Al perder el peronismo la gobernación de de Santa Fe,
se aceleró esa tendencia, ya que aún con divisiones y diferencias la idea de
ser o recuperar el gobierno significaba un aliciente en el PJ para mantener
unidos agrupamientos contradictorios y aún contrarios.
Del Sel sirve muy bien a ese conglomerado
conservador al servicio de los ricos, con la ventaja de ser un personaje de
popularidad amplia y modales desacartonados, poco intelectuales,
'cualunquistas'.
No se lo puede acusar de impostado puesto que él ya
era así cuando lo convocaron. Lo que molesta a cierta parte de sus votantes por
zafado y guarango, lo compensa su efectividad como herramienta electoral en
amplios sectores humildes. Su discurso de meros lugares comunes y su propuesta
de buenas ondas alcanzan para las elecciones y sobran. Al principio, mucha
clase media con pretensiones culturales no confiesa su adhesión, y lo vota con
vergüenza. Ante el mal gobierno socialista y la distancia ideológica con el
núcleo del gobierno kirchnerista, Miguel Del Sel se constituye en opción atractiva.

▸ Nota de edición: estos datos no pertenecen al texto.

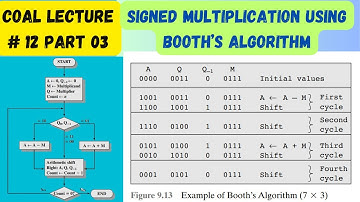COAL Lecture 12 Part 03 | Signed Binary Multiplication Using Booth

Para muchos dirigentes oportunistas de todos los
partidos significa una posibilidad de vecinalizarse, desideologizarse apelando
al 'sentido común' (no confundir con buen sentido) y transitar estas elecciones
tras un dirigente exitoso que les permita mantener sus cargos locales. Bajo el
disfraz de 'no política' se le ven las patas a unas sotas que encarnan lo
peorcito de las prácticas que ese mismo electorado cree repudiar.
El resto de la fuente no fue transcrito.